Electroacupuncture Attenuates Neuroinflammation and Postoperative Cognitive Dysfunction in Aged Rats by Suppressing the cGAS-STING Pathway.

Abstract

Postoperative cognitive dysfunction (POCD) is a clinically significant complication in elderly patients, largely driven by surgery-induced neuroinflammation. The cyclic GMP-AMP synthase-stimulator of interferon genes (cGAS-STING) pathway, a crucial regulator of innate immunity, has been implicated in neuroinflammatory activation. This study investigated whether electroacupuncture (EA) improves POCD by modulating this pathway in aged rats. Aged male Sprague-Dawley rats were subjected to sevoflurane anesthesia and splenectomy to establish a POCD model. Animals were divided into sham, POCD, POCD+EA, and POCD+EA+cGAS inhibitor groups. The EA groups received stimulation at Baihui (Governor Vessel 20 (GV20)), Neiguan (Pericardium 6 (PC6)), and Zusanli (Stomach 36 (ST36)) acupoints. Cognitive function was evaluated using the Morris water maze, while hippocampal expression of cGAS-STING pathway components and downstream effectors-interferon regulatory factor 3 (IRF3), nuclear factor kappa B (NF-κB), and interleukin-1 beta (IL-1β)-was assessed by Western blot.
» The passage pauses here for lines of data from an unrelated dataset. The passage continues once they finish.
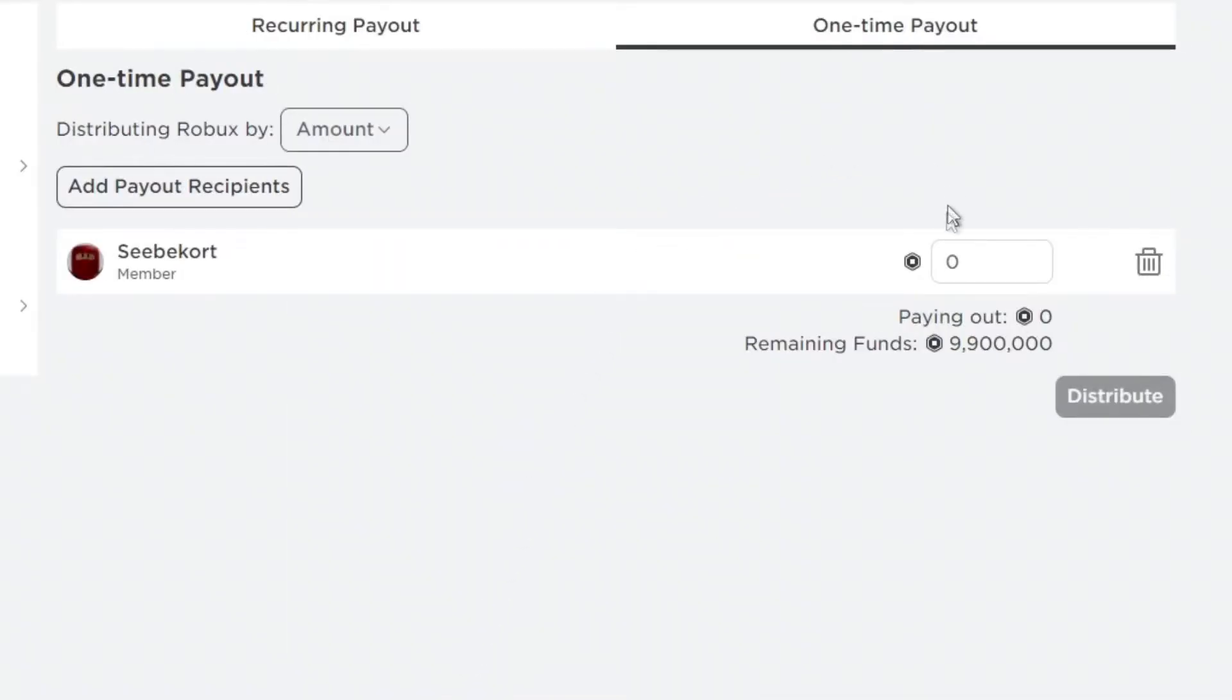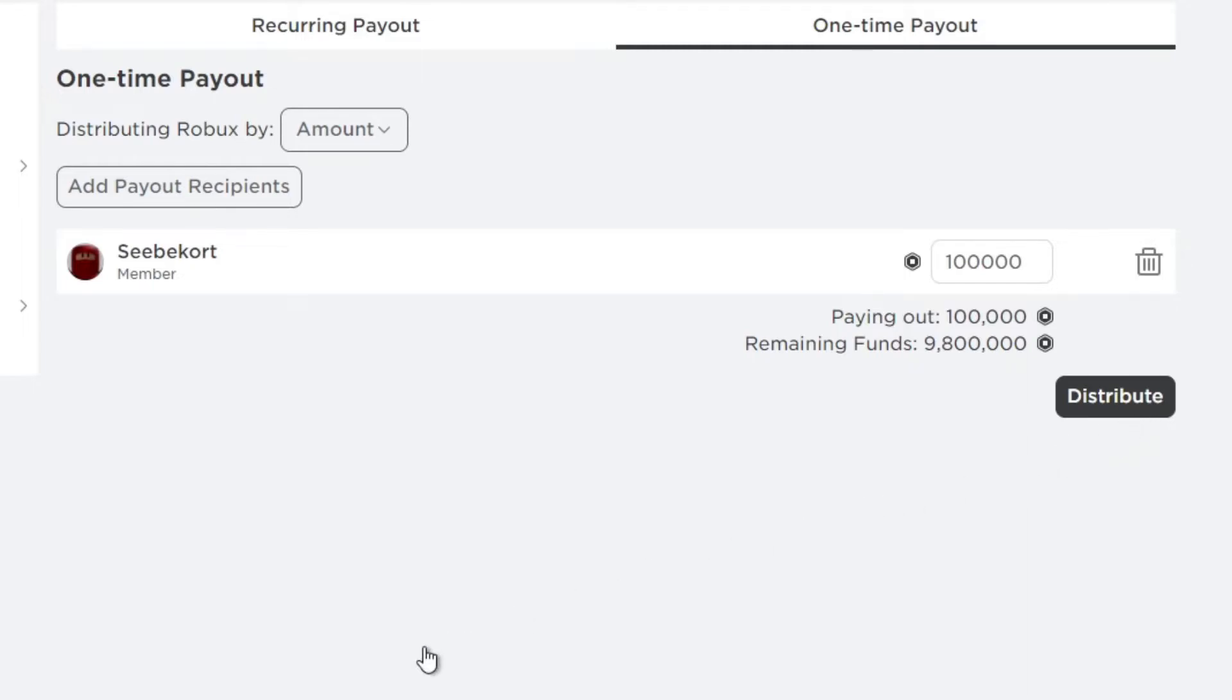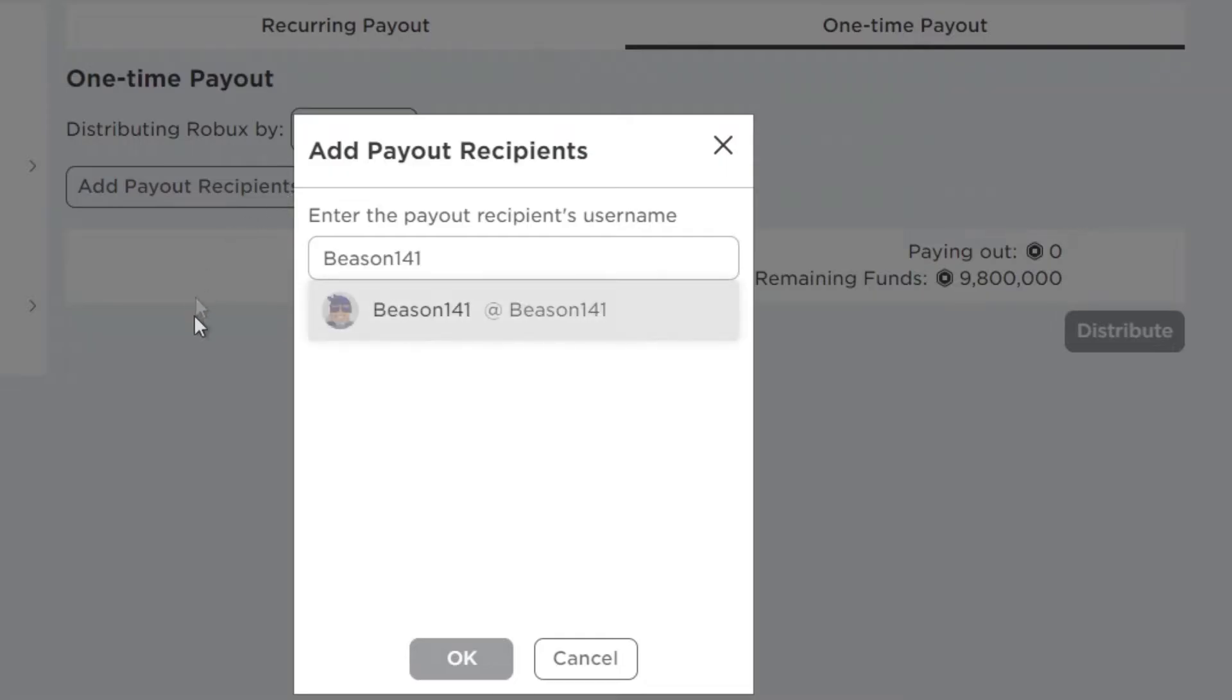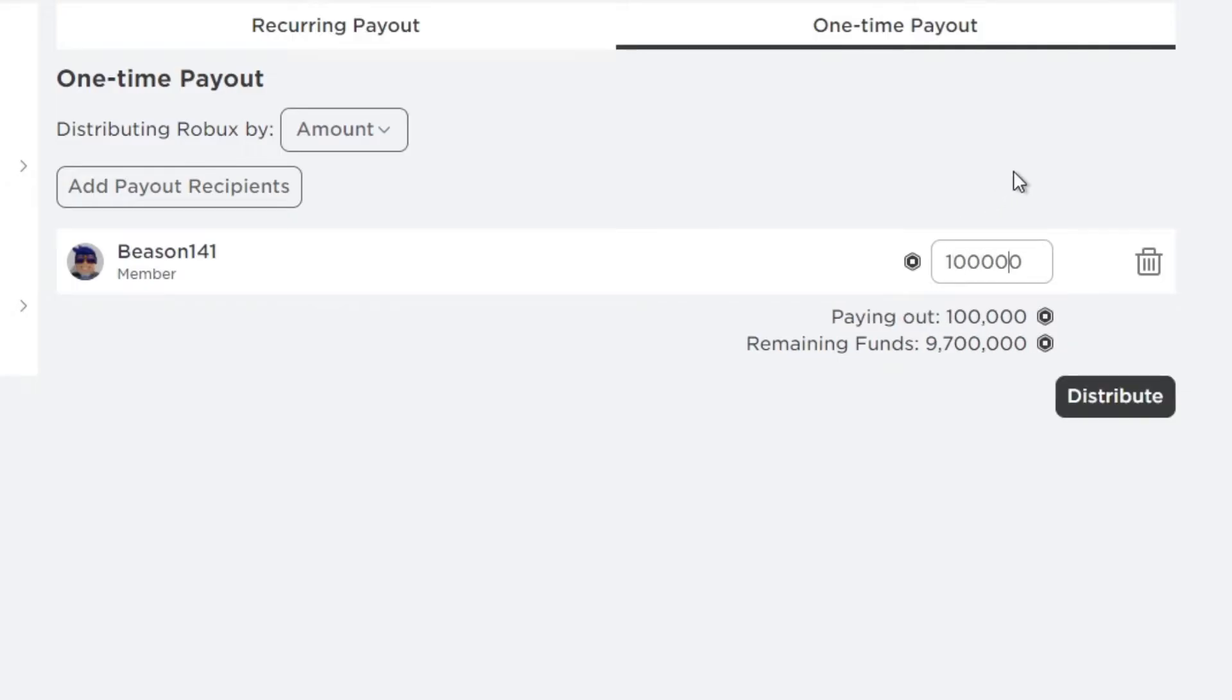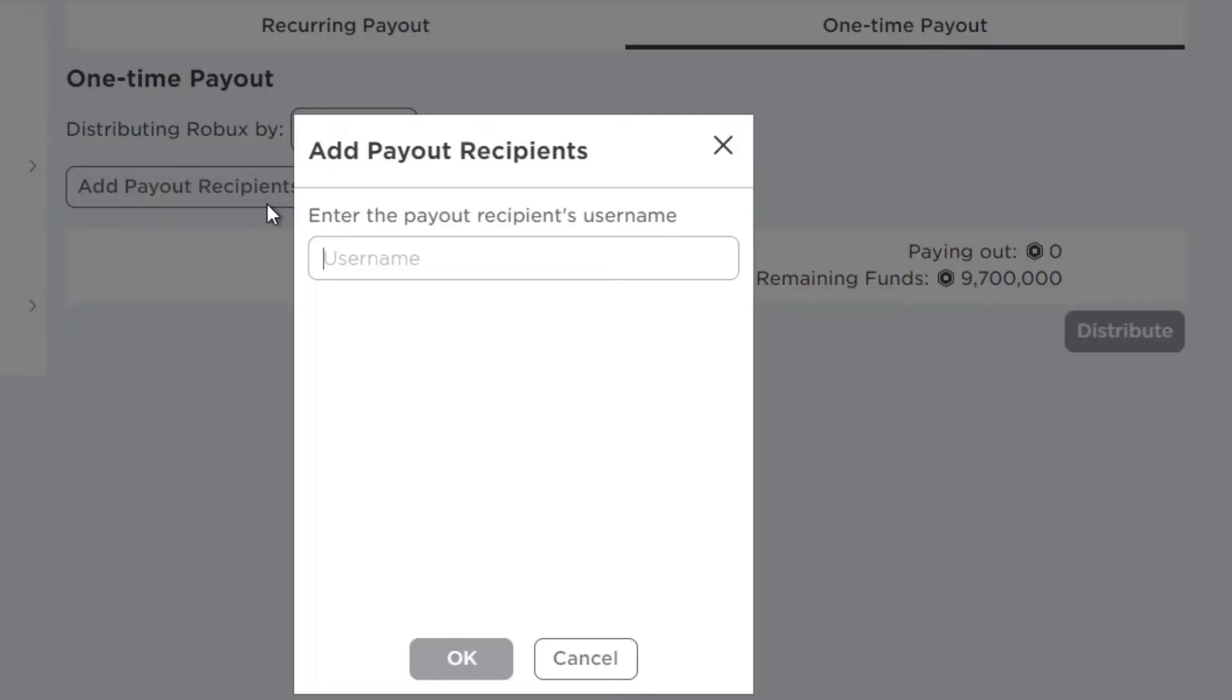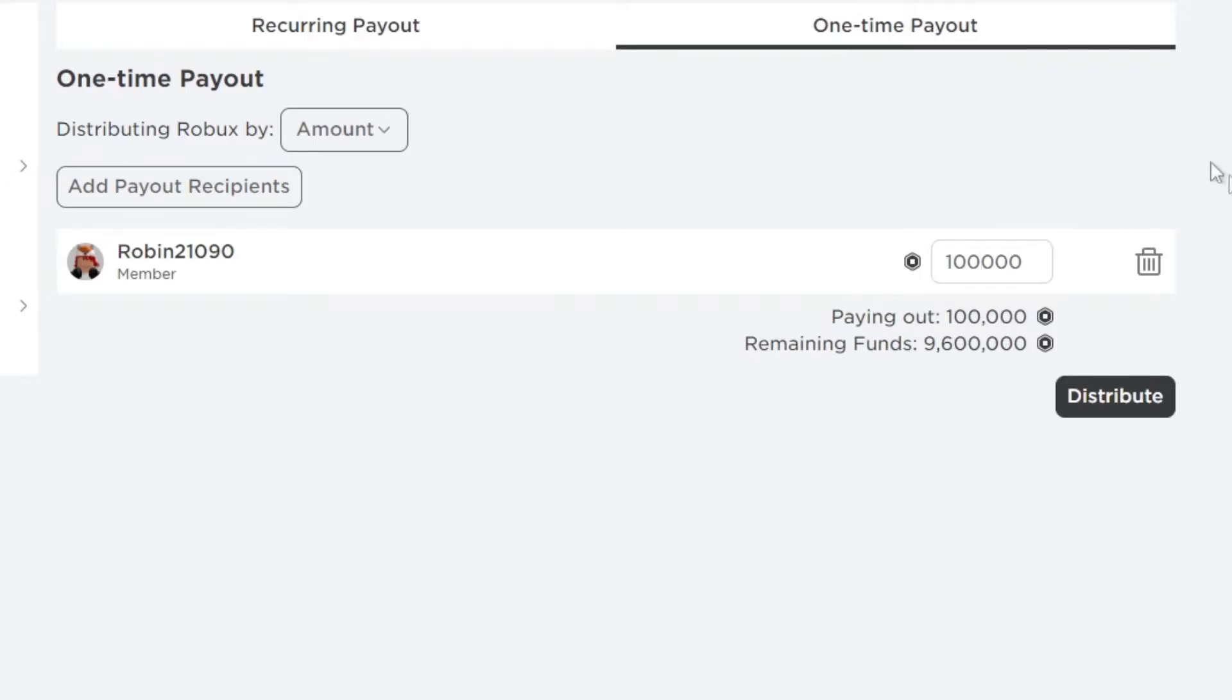I am also hosting a huge giveaway right now on this channel. If you want 100,000 Robux, I'm giving it away to two subscribers. All you have to do is subscribe to the channel, leave a like on this video, and then comment down below your Roblox username so I can add you on Roblox. I will message you on Roblox and you'll get your Robux just for subscribing - it's that easy.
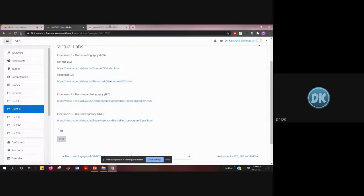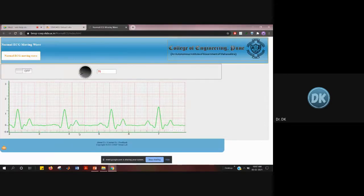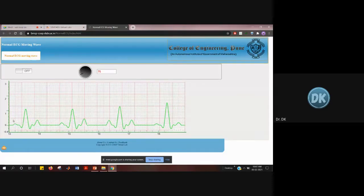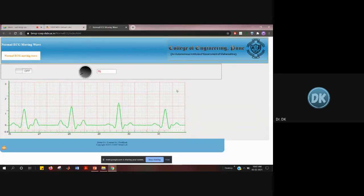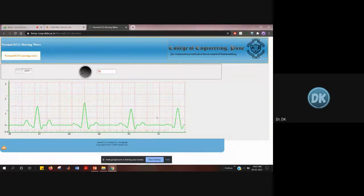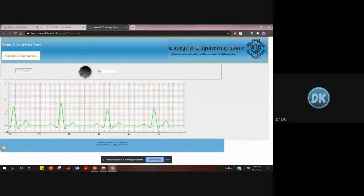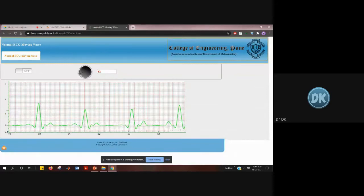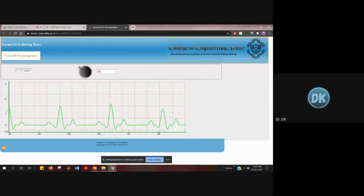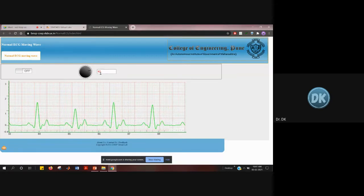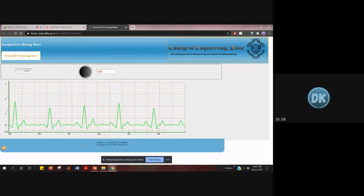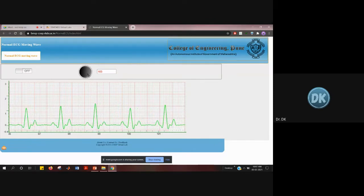This is how the normal ECG waveform looks, with different peaks. The theory details will be covered separately, so don't worry about that. For this experiment, what you have to do is change the waveform duration — previously it was 72, now I've changed it to 70. If you increase it, you can see more peaks. You have to change the value and observe different waveforms.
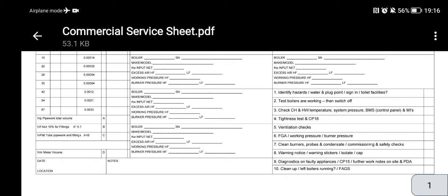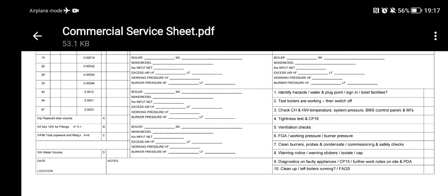Step seven: strip a boiler down and clean it if you have the gaskets. For atmospheric boilers you can clean them down, brush them through, clean the ignition and detection probes with a file or replace them, and check spark distances. You can also clean the condensate trap if it's a condensing boiler, replenish the water, and carry out commissioning and safety checks required for service. If a boiler isn't working well, issue a warning notice, put a warning sticker on, and isolate or cap if necessary. Then move on to the next boiler and repeat steps six and seven.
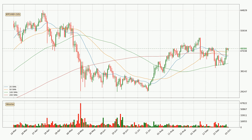Moving to the daily simple moving averages, the current price is above all of the simple moving averages, which looks bullish. You should watch if the closest SMA, the 50 SMA, could remain stable or if the price will dip below it, with the current price of around 46,635.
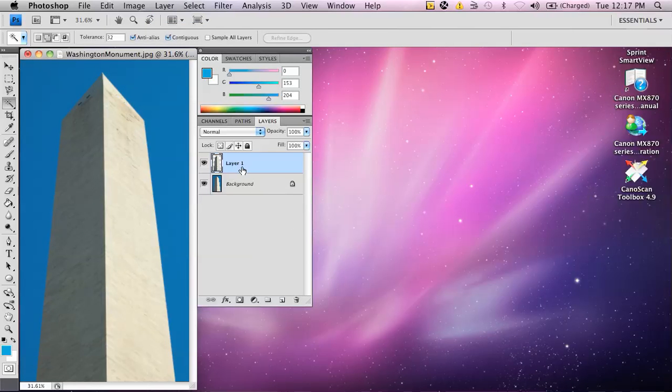Notice here it's going to create a layer one with what I've had selected. I can go ahead and change the name to WM for Washington Monument.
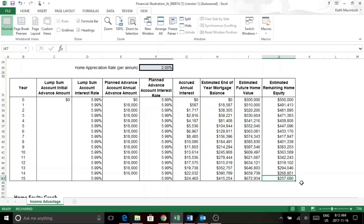So this program also ends when you pass away. So this would go back to your estate and however you've planned your estate, you would go from there.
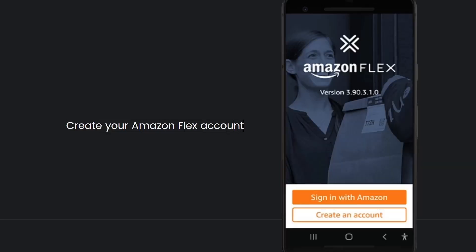And lastly is to create your Amazon Flex account. Once you've installed the Amazon Flex app, you can create your account. The Amazon Flex app will guide you through the process of creating an account, and that's it for this video.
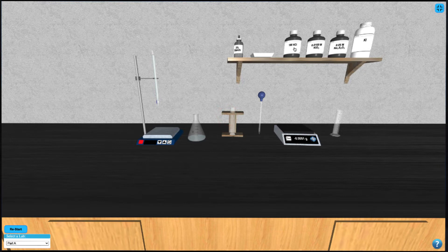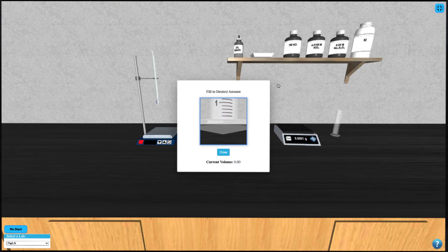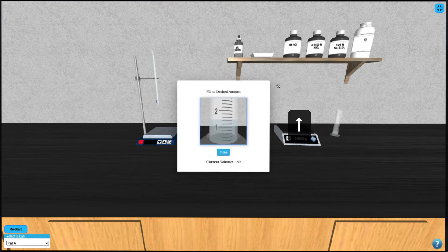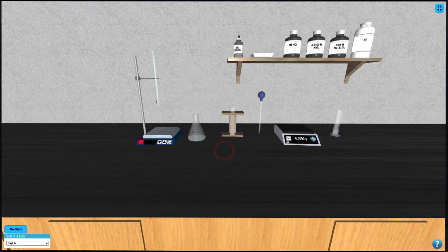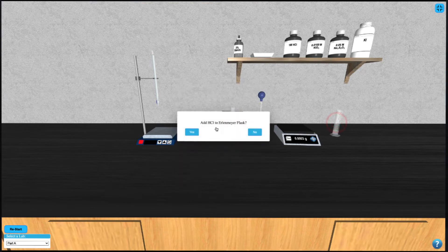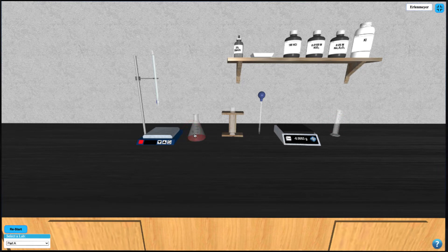Once the sample is dissolved, click on the HCl bottle to dispense some of the hydrochloric acid solution into the graduated cylinder. After filling to 2 mL using your up arrow key, you can add it to the Erlenmeyer flask by clicking on the cylinder.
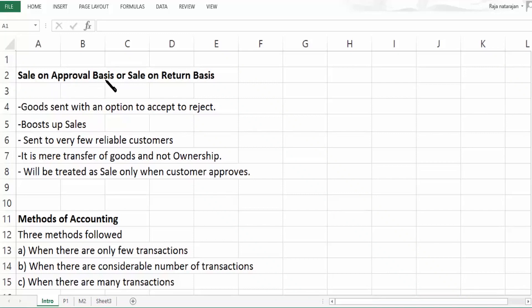Sale on approval basis or sale on return basis. Let us understand what it is. This is a method where goods will be sent with an option to the customer to either accept or reject.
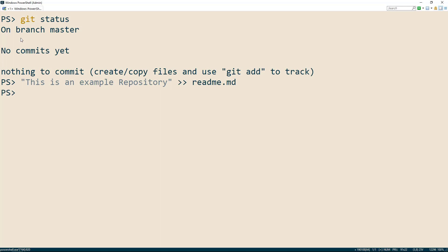By default, git won't version control every file on a directory, so we have to add it first to let git know to keep track of it.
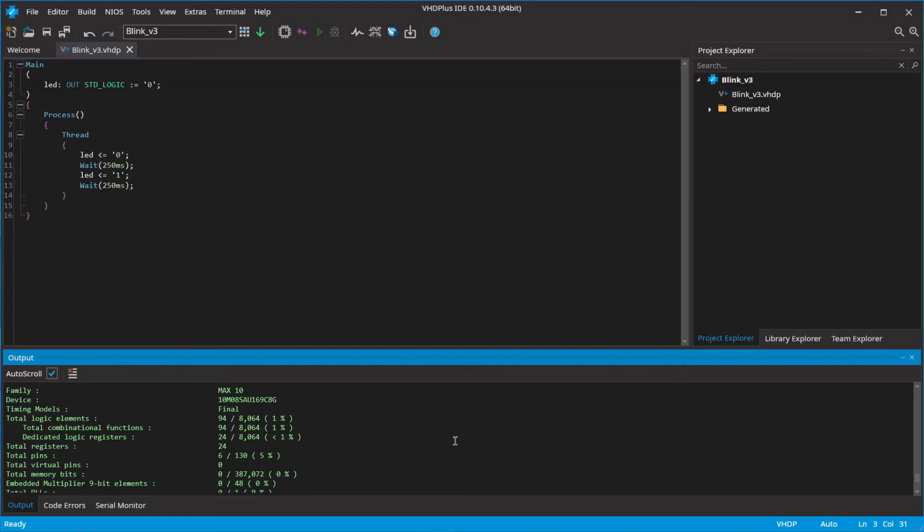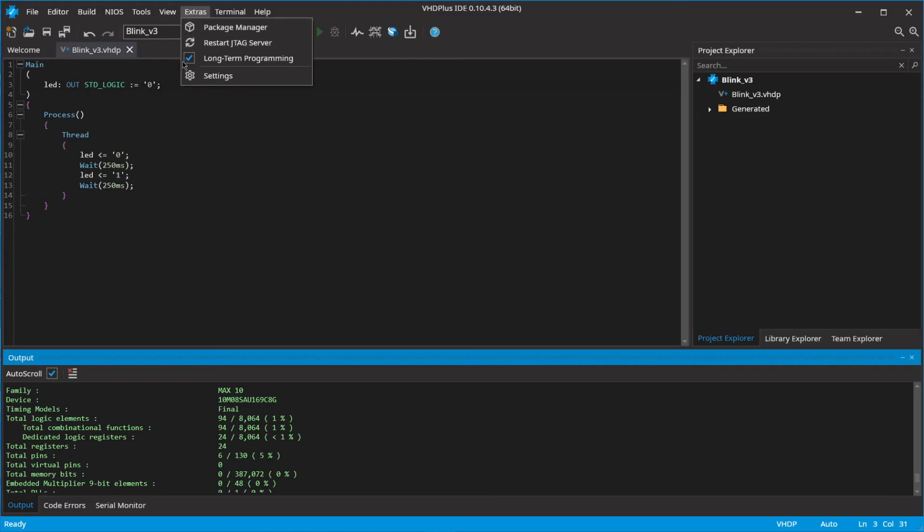By default, short-term programming is enabled. This works faster but the program will be lost on a power cycle. If you want to keep your program even after a power cycle, select Extras, Long-term Programming.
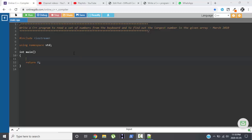Hello and welcome back. Now we will be discussing writing a program in C to read a set of numbers from the keyboard and to find out the largest number in the given array.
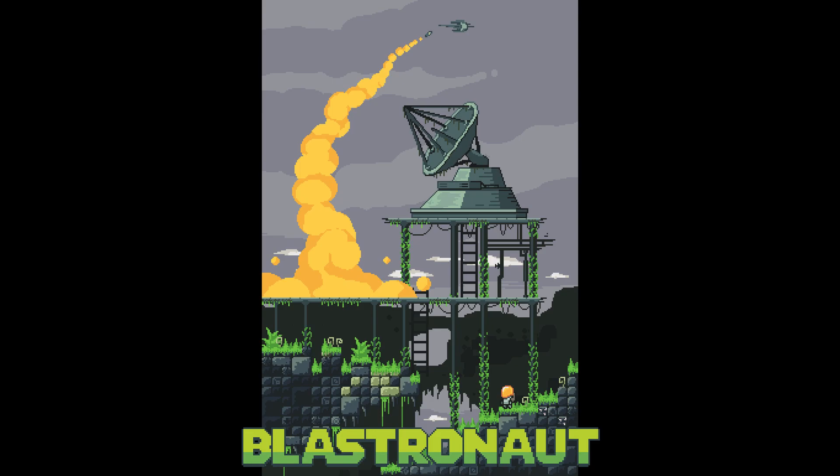That's all, thank you for watching, and don't forget to wishlist Blasternaut on Steam.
Cellular localization was determined by immunofluorescence staining. Compared with the Sham group, rats in the POCD group showed significant impairments in spatial memory, accompanied by upregulated protein expression of cGAS, STING, NF-κB, IRF3, and IL-1β in the hippocampus. Upon pathway activation, cGAS and STING proteins were predominantly co-localized with neurons, and their fluorescence intensity in the hippocampus was markedly increased. These behavioral deficits and molecular alterations were partially reversed in both the POCD+EA and POCD+EA+inhibitor groups. Electroacupuncture alleviates POCD in aged rats by inhibiting hippocampal cGAS-STING pathway activation and reducing neuroinflammation, suggesting a promising non-pharmacological strategy for POCD management.